Die Minderjährige sei kurz nach ihrer Geburt in einem Kinderheim untergebracht worden und befinde sich seit Mai 1998 bei den Pflegeeltern. Die Mutter unternehme keinerlei Anstalten, den "Status" zu sichern und einen Pass für die Minderjährige zu beschaffen. Die Versuche des Amtes für Jugend und Familie, für das Kind einen Pass bei der nigerianischen Botschaft zu besorgen, seien ohne Erfolg geblieben. Die Kindermutter sei nigerianische Staatsbürgerin und verfüge über ein Visum. Sie sei mit einem österreichischen Staatsbürger verheiratet und halte sich bereits seit vielen Jahren in Österreich auf. Es sei von deren Absicht, sich dauerhaft in Österreich aufzuhalten, auszugehen. Um einen dauerhaften Verbleib in Österreich auch der Minderjährigen zu gewährleisten bzw um deren Status und deren Integration und weitere gedeihliche Entwicklung zu sichern, sei es erforderlich, den Jugendwohlfahrtsträger zu ermächtigen, die österreichische Staatsbürgerschaft für die Minderjährige zu beantragen.

Den ordentlichen Revisionsrekurs erachtete das Rekursgericht mangels Vorliegens der Voraussetzungen des § 14 Abs 1 AußStrG als nicht zulässig.

Rechtliche Beurteilung

Der gegen diesen Beschluss außerordentliche Revisionsrekurs der Kindesmutter ist zulässig und auch berechtigt. Im Ergebnis zutreffend zeigt die Mutter auf, dass grundsätzlich den Eltern die gesetzliche Vertretung des Kindes zukommt. Daher setzt ein Eingriff in diese Rechte durch das Pflegschaftsgericht den Nachweis einer konkreten Gefährdung voraus.

Voranzustellen ist die Regelung des § 19 des Staatsbürgerschaftsgesetzes.
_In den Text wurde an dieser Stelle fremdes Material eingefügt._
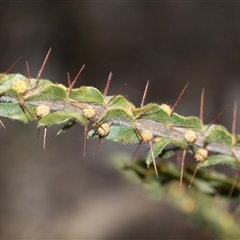 Acacia paradoxa at Burra, NSW - Yesterday by AlisonMilton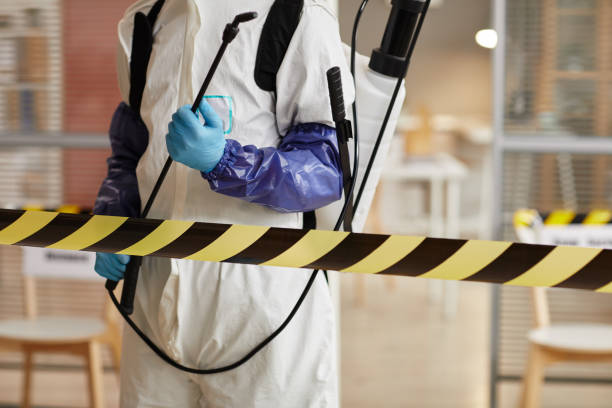 Professional Hoarding Cleanup technician working in Denton, TX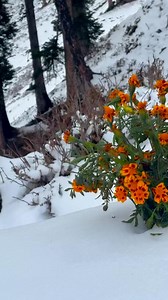 #best #view | Nature Explore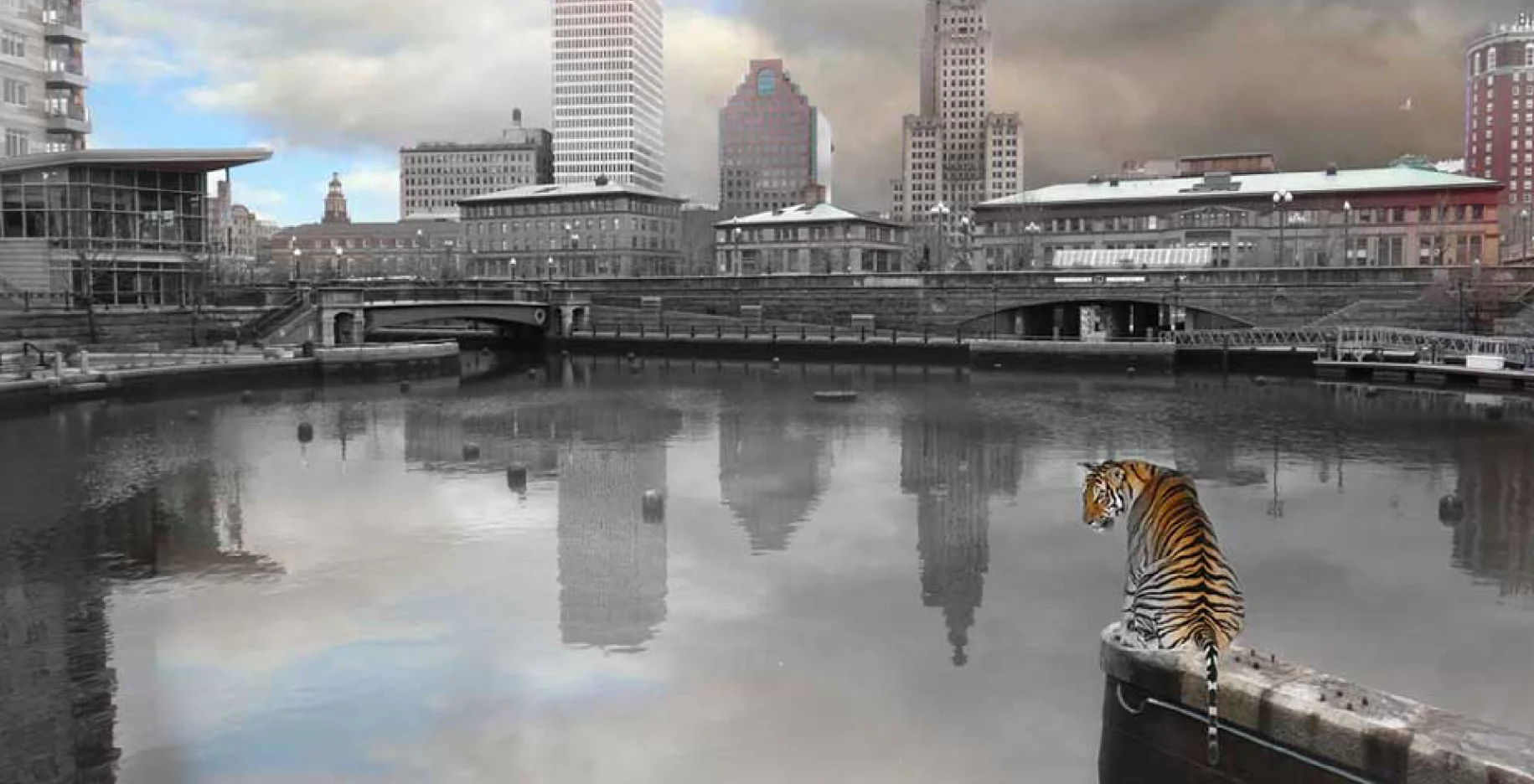 Tiger perched on a railing overlooking a city river with skyscrapers reflected in the water.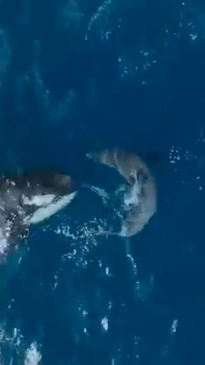 First ever video captured of orca attacking great white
Zufolge dessen Abs 1 bedarf die Verleihung der Staatsbürgerschaft eines schriftlichen Antrages. Sobald ein Minderjährige das 14. Lebensjahr vollendet hat, kann er diesen Antrag nur selbst stellen, bedarf aber dazu der Einwilligung des gesetzlichen Vertreters (§ 19 Abs 2 Staatsbürgerschaftsgesetz), die zufolge Abs 4 dieser Bestimmung auf Antrag des Minderjährigen durch das Pflegschaftsgericht zu ersetzen ist, wenn die Verleihung oder Erstreckung der Staatsbürgerschaft dem Wohl des Minderjährigen entspricht. Diese Regelungen erfassen also nur minderjährige Fremde, die bereits das 14. Lebensjahr vollendet haben, was hier noch nicht der Fall ist.
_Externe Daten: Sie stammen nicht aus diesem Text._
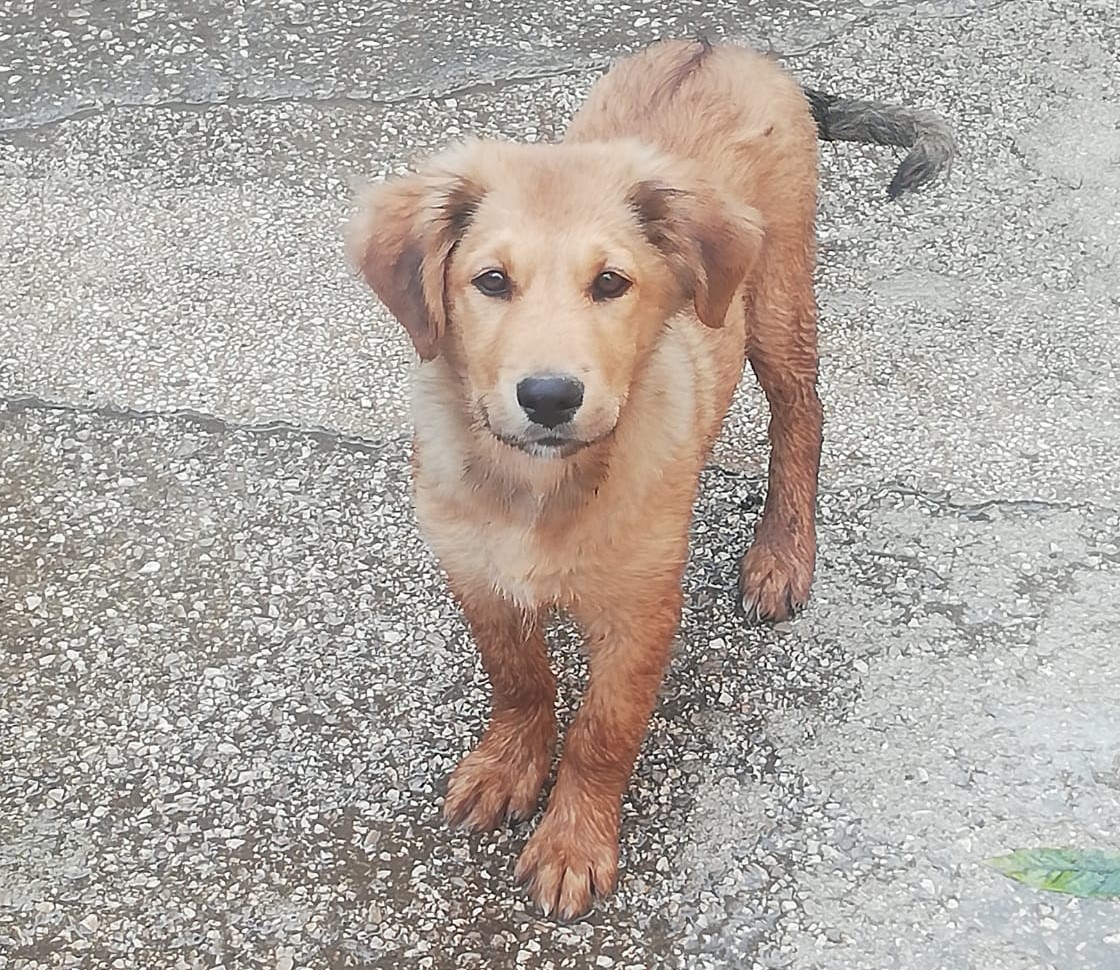 Lupo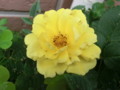f:id:bluemoonbell:20120601091346j:image:medium:left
§ 19 Abs 3 Staatsbürgerschaftsgesetz sieht vor, dass Anträge anderer nicht eigenberechtigter Fremder deren schriftlicher Zustimmung bedürfen. Dazu hält § 19 Abs 5 Staatsbürgerschaftsgesetz ergänzend fest, dass deren Zustimmung auf Antrag des gesetzlichen Vertreters oder von Amts wegen vom Pflegschaftsgericht zu ersetzen ist, wenn die Verleihung oder Erstreckung der Verleihung dem Wohl des Fremden entspricht. Dies gilt sowohl für den Fall, dass die nicht eigenberechtigte Person nicht zustimmen will oder auch für jenen, dass sie dazu nicht in der Lage ist.

§ 19 Staatsbürgerschaftsgesetz setzt also immer voraus, dass ein Antrag einer dazu berechtigten Person - entweder des 14-jährigen Minderjährigen oder des gesetzlichen Vertreters - vorhanden ist und nur die Zustimmung - einmal des gesetzlichen Vertreters das andere Mal des nicht eigenberechtigten Fremden - ersetzt werden muss (vgl nur dazu RIS Justiz RS0073054 mwN).

§ 19 Staatsbürgerschaftsgesetz regelt also nicht die Frage, wer gesetzlicher Vertreter des Minderjährigen im Zusammenhang mit der Antragstellung ist.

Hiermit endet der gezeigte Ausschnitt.